[Opening Raw data section]

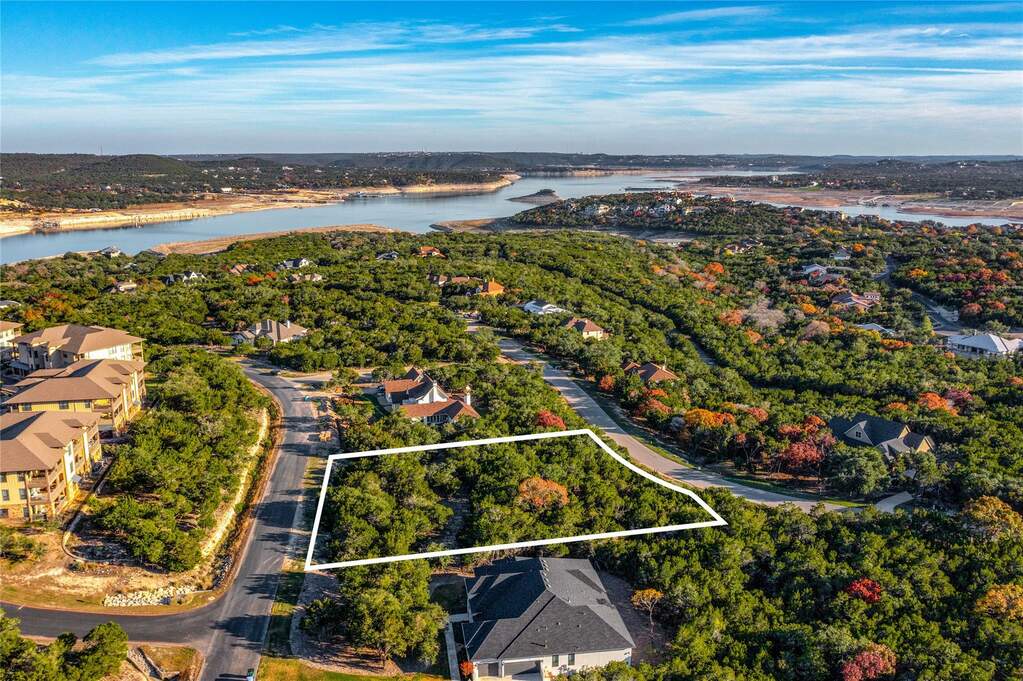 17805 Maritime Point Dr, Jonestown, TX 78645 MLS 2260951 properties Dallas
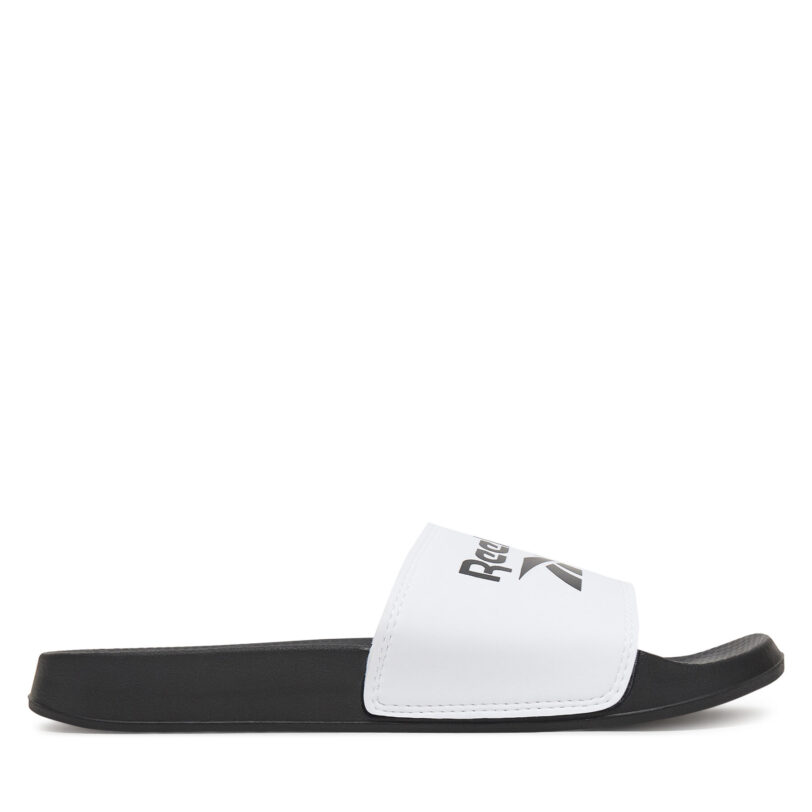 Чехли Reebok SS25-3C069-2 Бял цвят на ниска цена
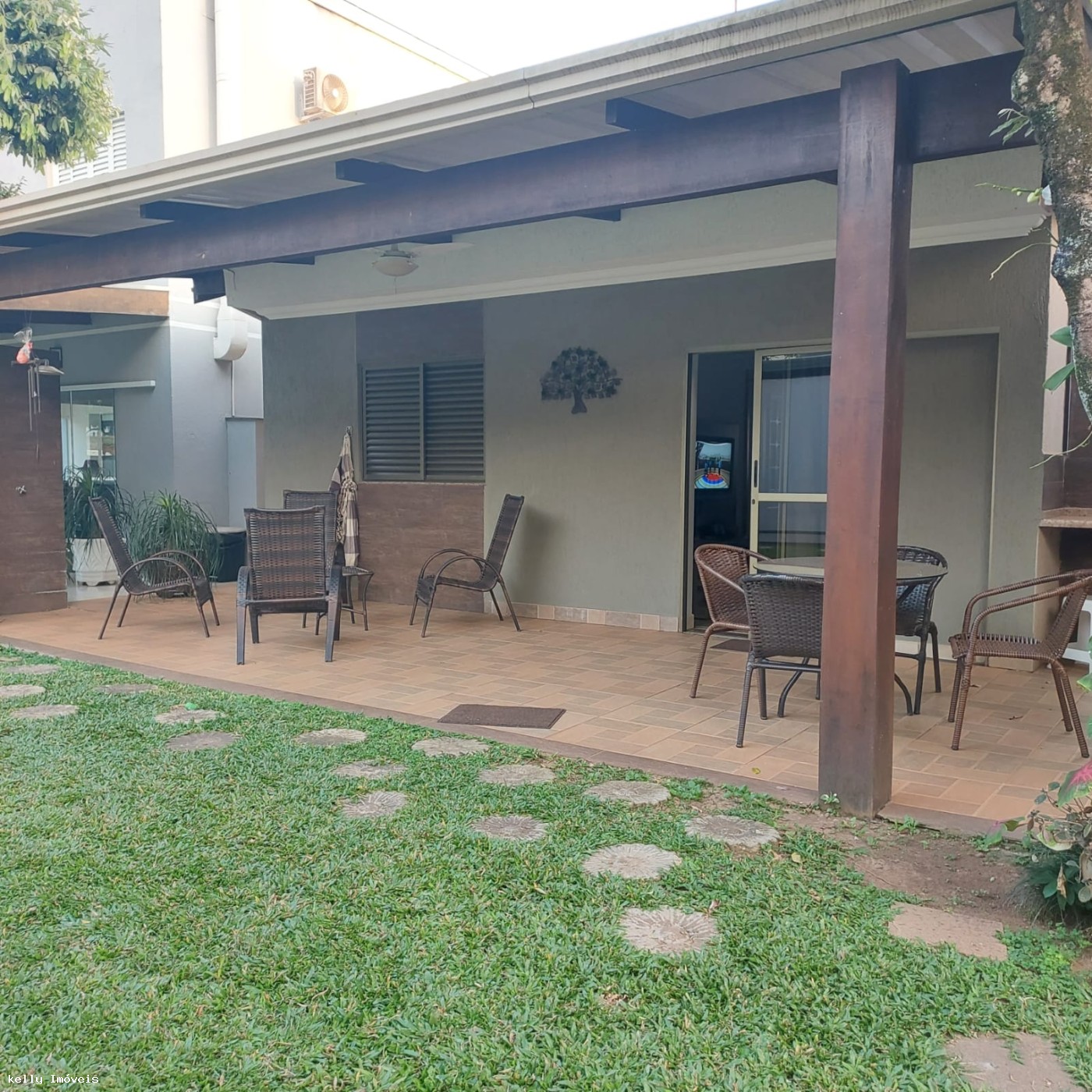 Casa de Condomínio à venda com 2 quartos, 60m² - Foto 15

[Closing Raw data section]
[Opening Raw data section]

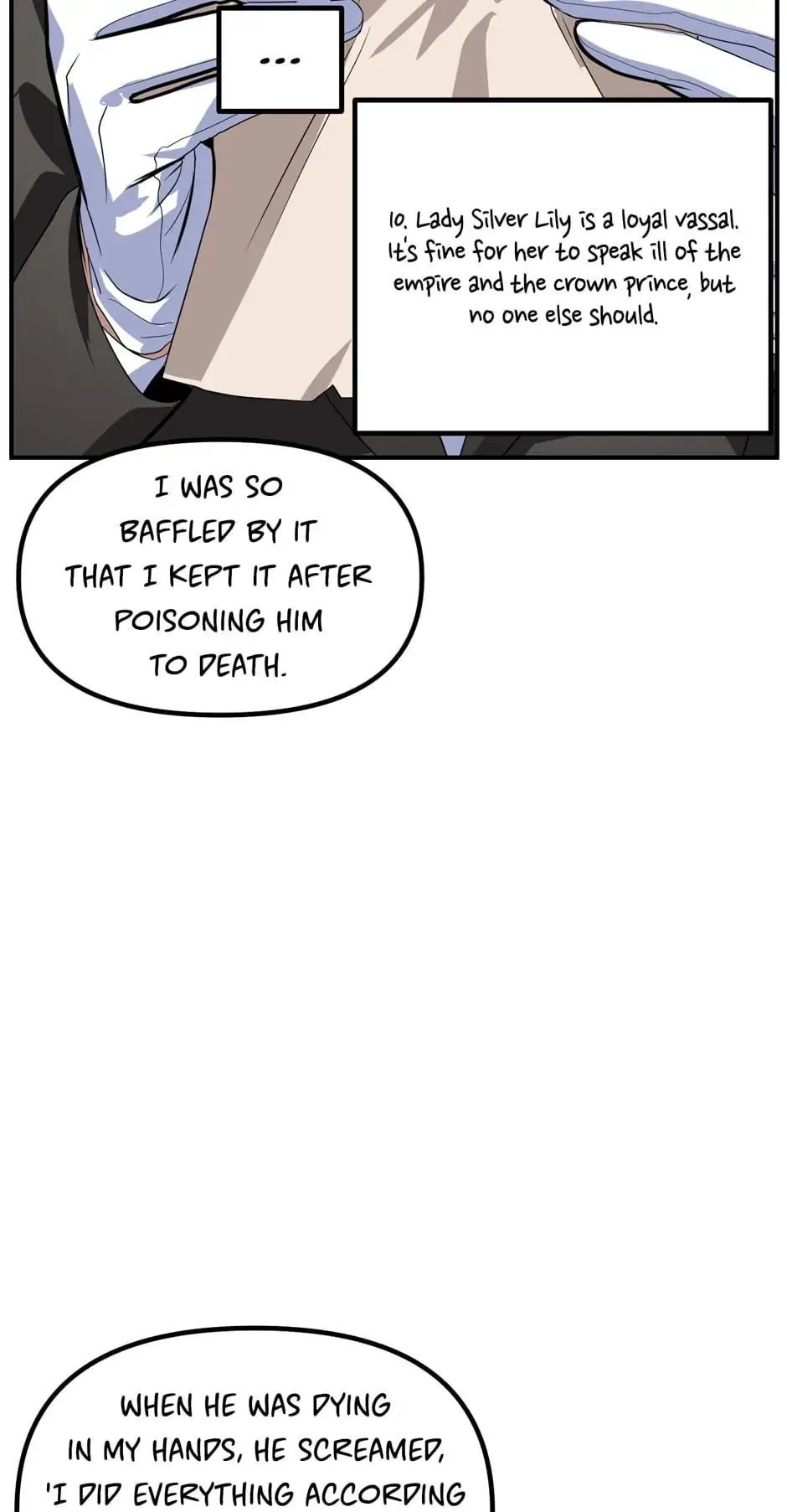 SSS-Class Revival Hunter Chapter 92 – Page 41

[Closing Raw data section]

*What this task involves:* Nothing but the lines from the one with "17805 Maritime Point" to the one with "Casa de Condomínio" above, both included, should be transcribed, exactly and without pictures.

*Result:*
 17805 Maritime Point Dr, Jonestown, TX 78645 MLS 2260951 properties Dallas
 Чехли Reebok SS25-3C069-2 Бял цвят на ниска цена
 Casa de Condomínio à venda com 2 quartos, 60m² - Foto 15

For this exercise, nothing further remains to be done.